The picture shows Miki Nakamachi performing kata during a tournament.

What does Kata mean to you? Many karate practitioners interpret it in different ways. This article will attempt to bring some clarity and explain how a Karate-ka can benefit from performing kata. By Derick Kirkham

The Meaning of Kata?

What is the meaning of Kata? What’s it all about? What’s the point of it? Many people have asked me these questions over the years. Among them were

  • members of the general public,
  • novice students,
  • advanced students,
  • teachers of the subject,
  • kumite specialists,
  • kata specialists,
  • sport-only karateka,
  • self-defense enthusiasts,
  • petty politicians in karate,
  • pundits, who are deliberately trying to be controversial,
  • heads of other associations,
  • practitioners of other style of martial arts,
  • mean spirited individuals, who are just looking for loop holes, who have an axe to grind,
  • candidates for a promotional exam,
  • Japanese cultural enthusiasts,
  • karate historians,
  • traditionalists and
  • modernizers.

I have gone into print and given a wide range of answers to the same question. Not because I constantly change my opinion. But my answer was dependent upon the recipient of the message, their motivation for asking, their area of interest and what is their level of experience.

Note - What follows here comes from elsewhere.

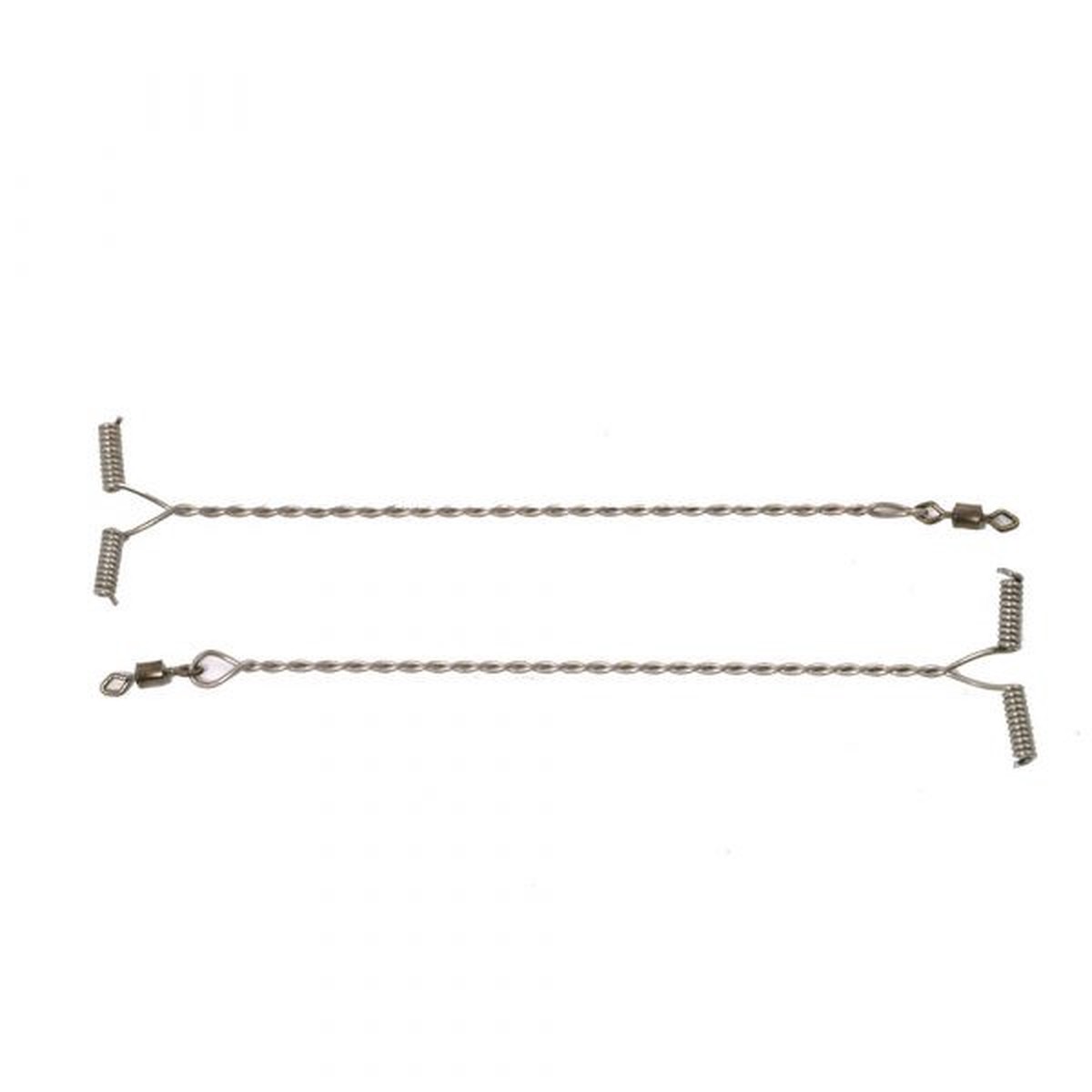 Tronixpro Wire Booms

What Does Kata Mean to You?

However, I believe, that many of them meant to ask: “What does Kata mean to you?” If they had asked that question then they would have got a completely different answer.

I feel whatever the person believes to be true about Kata, is as valid of an explanation as every other persons interpretation. As long as a practitioner gets something in exchange for them holding their particular belief of what it is, then I think that this is a good thing. However, the return on investment must enhance their experience of, their practice of, and their performance of the kata.

But What Does Kata Mean in General?

It is part of the physical culture of Karate. The Japanese term means shape or form. All Kata have individual names. They comprise of a set number of prescribed basic techniques and performed following a specific route Embusen. Although different styles of Karate use different names to describe the same Kata, one can recognize them as being from the same root.

The picture shows the Embusen of Kanku Dai. The Embusen is one way to answer the question: What does kata mean?
The Embusen of Kanku Dai.

Kata can be seen as a martial war dance, similar in nature to the New Zealand “HAKA”. They hold similarities to shadow boxing or gymnastics floor routines, as the student practices them individually. Aesthetics play a major role in the appearance of it. But they are definitely Martial and warlike by nature.

Kata as Library of Basic Karate Techniques

Kata can be viewed as a library of rehearsed fighting routines. While in reality they do not portray an actual continuous fight scenario. That does not mean that individual techniques or mini sequences of techniques in it would not work in a real fight, because they do work. It holds self-defense nuggets of gold, but not necessarily in the format they are often presented when cumulatively performed in Traditional Bunkai. As a result, every kata depicts a library of basic Karate technique put together in a series of combinations. They are misleadingly represented a series of continuous techniques against four or eight imaginary opponents instead.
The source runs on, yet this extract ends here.